Laravel Mix extension to compile Twig templates to HTML
Install the extension:
npm install @webrgp/laravel-mix-twig --save-dev
Then require and configure the extension within your webpack.mix.js.
const mix = require('laravel-mix')
require('@webrgp/laravel-mix-twig')
// mix.twig('your source folder', 'your dist or public folder', {your advance configuration})

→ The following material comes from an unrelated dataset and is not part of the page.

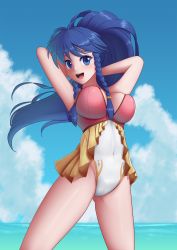 Rule 34 | 1girl, armpits, arms behind head, arms up, blue eyes, blue hair, braid, breasts, cleavage, covered navel, fire emblem, fire emblem heroes, highres, large breasts, long hair, looking at viewer, nintendo, open mouth, ponytail, smile, solo, standing, swimsuit, tana (fire emblem)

mix.twig('src/templates', 'public')
Files or folders prefixed with an underscore are ignored from html output. This is a handy feature for ignoring component and layout files.
Ignored files:
/_components/header.twig
/_layouts/base.twig
/_include.twig
Name | Type | Default | Description |
---|---|---|---|
files * | string |
`` | Paths to your twig source files (supports minimatch) OR An array of objects to pass to html-webpack-plugin |
fileBase * | string |
`` | The base path to your template folder |
options | object |
{} |
Customizations options |
* = Required
These are the folowing options you can pass:
Set global variables like this:
mix.twig('src/templates', 'public', {
data: {
msg: 'Hello World'
}
})
That will be available to all templates:
<h1>{{ msg }}<h1/>
Enables debug or trace info logging (defaults to false)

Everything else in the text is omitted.